Next September, Alvin will be transported by ship to Puerto Rico, where it will begin its first wet tests. Over the course of a week, Alvin and its crew will dive progressively deeper in roughly 500 meter increments. By the end of the week, Alvin will have reached its maximum depth and touched the seafloor in the abyssal trenches off the Puerto Rican coast. If the tests go well, the Navy will officially authorize Alvin for regular crewed expeditions to that depth, and the submarine will spend most of the next five years in the water around the US conducting scientific research until its dragged back to Massachusetts for its regular tuneup.

The expedition in Puerto Rico will be the first time that Alvin has ventured into the hadal zone, the deepest and least understood region of the ocean.
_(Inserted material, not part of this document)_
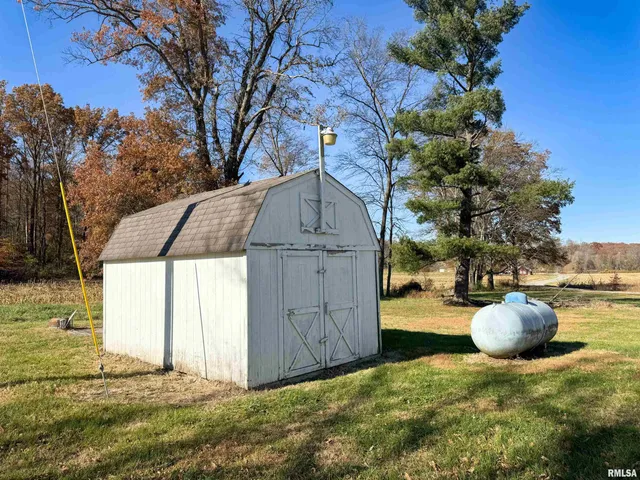 $89,900 | 1325 Beech Grove Road, Wolf Lake, IL 62998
The hadal zone is dark, cold, and the ambient pressure is up to 1,000 times higher than on the air pressure at the surface. Life is scarce here. A few species of fish can exist up to around 8,000 meters below the surface, but the deepest regions of the hadal zone are occupied entirely by invertebrates and microscopic organisms.
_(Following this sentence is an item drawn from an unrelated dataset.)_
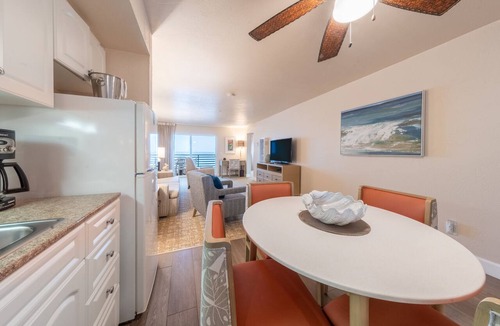 Townsite Hotel | Comfortable Coastal Stay With Easy Access to the Shore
Altogether, the world’s hadal trenches occupy an area larger than Australia, but scientists have only just begun to discover what lurks in their depths. The hadal zone extends from 6,000 to 11,000 meters below the surface, and only a dozen people in history have made it to the very bottom. The deepest spot in the ocean, known as the Marianas Trench, received its first visitors in 1960 and wasn’t visited again until the last decade, when filmmaker James Cameron and the adventurer Victor Vescovo made independent dives to the end of the abyss. Although Alvin will only be skimming the surface of the hadal zone, it will be one of only a handful of human-rated crafts that are capable of going that deep.

When it comes to learning about the deep ocean, Alvin’s upgrade couldn’t come soon enough. Marine scientists are in a race to study the bottom of the ocean before it’s irreparably damaged by human activity. The deep ocean absorbs a significant amount of Earth’s carbon dioxide and heat, but the process is poorly understood. It’s still unclear how rising emissions and temperatures will affect the Earth’s feedback loops with the deep ocean, so gathering data from the bottom of the ocean today will be critical for understanding how it will change in the future.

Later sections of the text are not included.